Yet Another Flash Vulnerability Unearthed, Targets Yahoo Users With Malvertising

Adobe's Flash platform is running out of friends. You may recall that a few weeks ago Mozilla disabled Flash by default in its Firefox browser due to the discovery of multiple critical vulnerabilities, and around the same time, Facebook's chief security officer urged Adobe to set a kill date for its buggy API. Expect more of those sentiments following a recent week long attack on Yahoo's ad network.

Security outfit Malwarebytes discovered the "malvertising" campaign, which kicked off on July 28. It involved hackers purchasing ads across Yahoo's various sites and then injecting them with malicious code. The malware would then seek out vulnerable versions of Flash to deliver payloads and ultimately take control of a PC.

Yahoo Building

"Malvertising is a silent killer because malicious ads do not require any type of user interaction in order to execute their payload. The mere fact of browsing to a website that has adverts (and most sites, if not all, do) is enough to start the infection chain," Malwarebytes said.

To Yahoo's credit, it took immediate action once it was aware of the incident.

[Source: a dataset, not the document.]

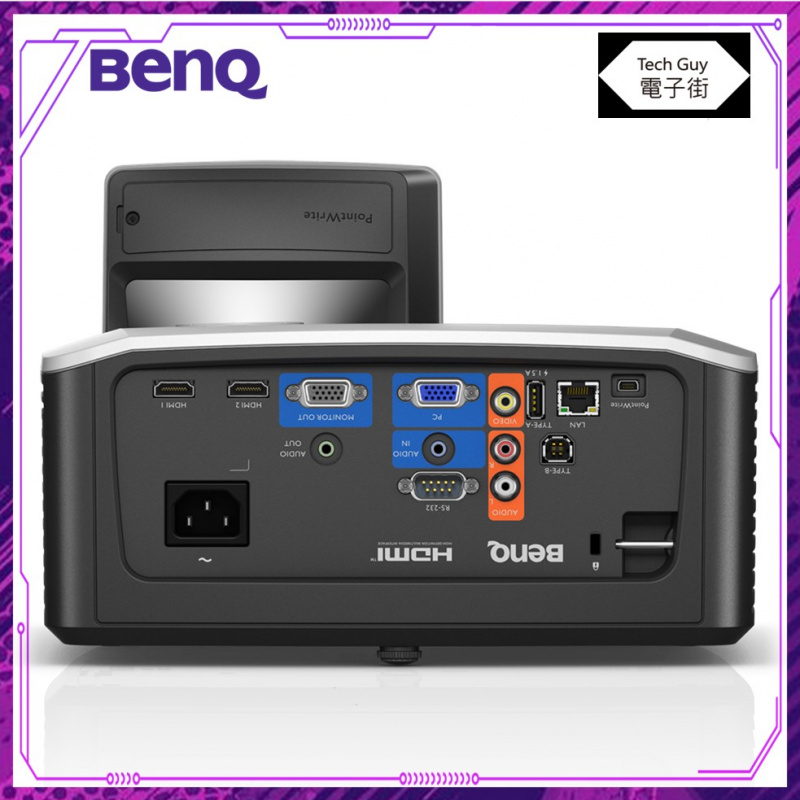 BenQ【MW855UST+】WXGA 超短距交互式投影機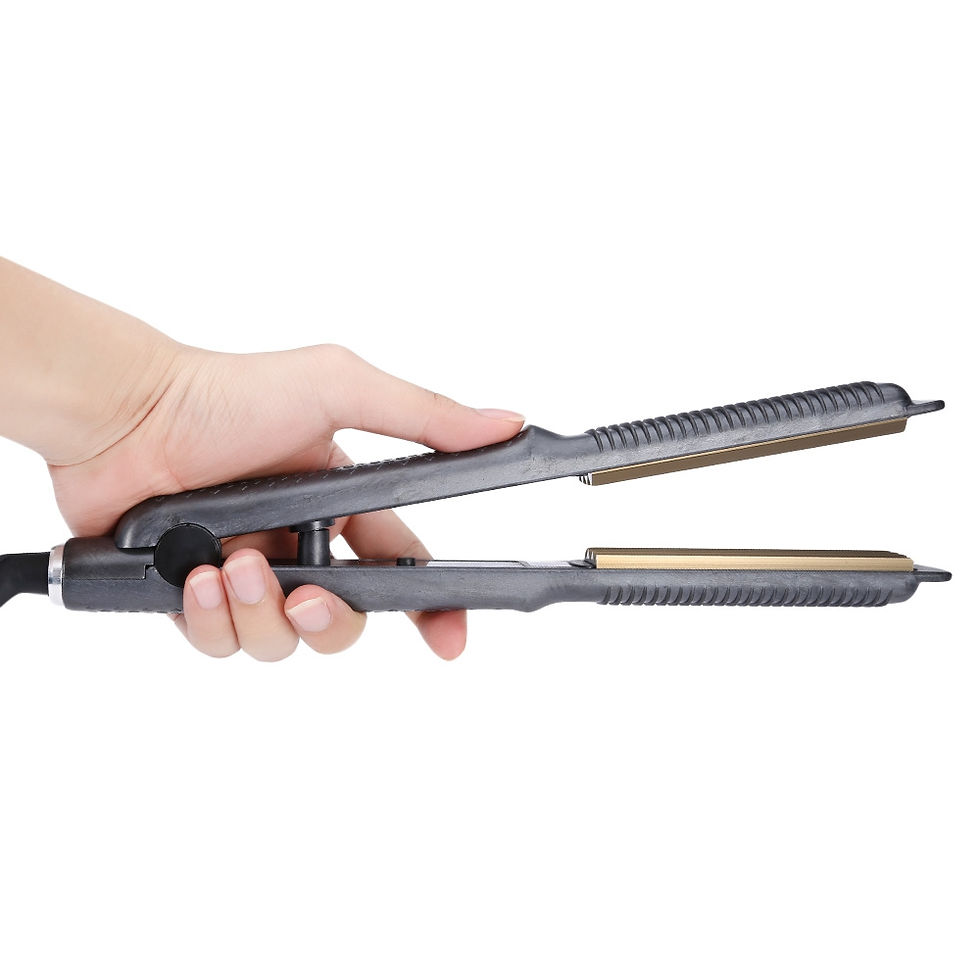 Thumbnail: Temperature Control Titanium Electric Waves Iron Hair Curler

However, the week long attack may have infected millions of visitors -- Yahoo receives 6.9 billion visits per month, including over 300 million to its news site, 112.5 million to its sports section, and over 43 million to its games portal.

Those who clicked on a malicious ad were redirected to other sites before eventually being infected with the Angle Exploit Kit, a nasty tool that downloads malware onto a victim's PC in the background. Malwarebytes didn't take a look at the payload, but said that Angler is a popular delivery method for ransomware, which encrypts a user's hard drive and demands payment to unlock it.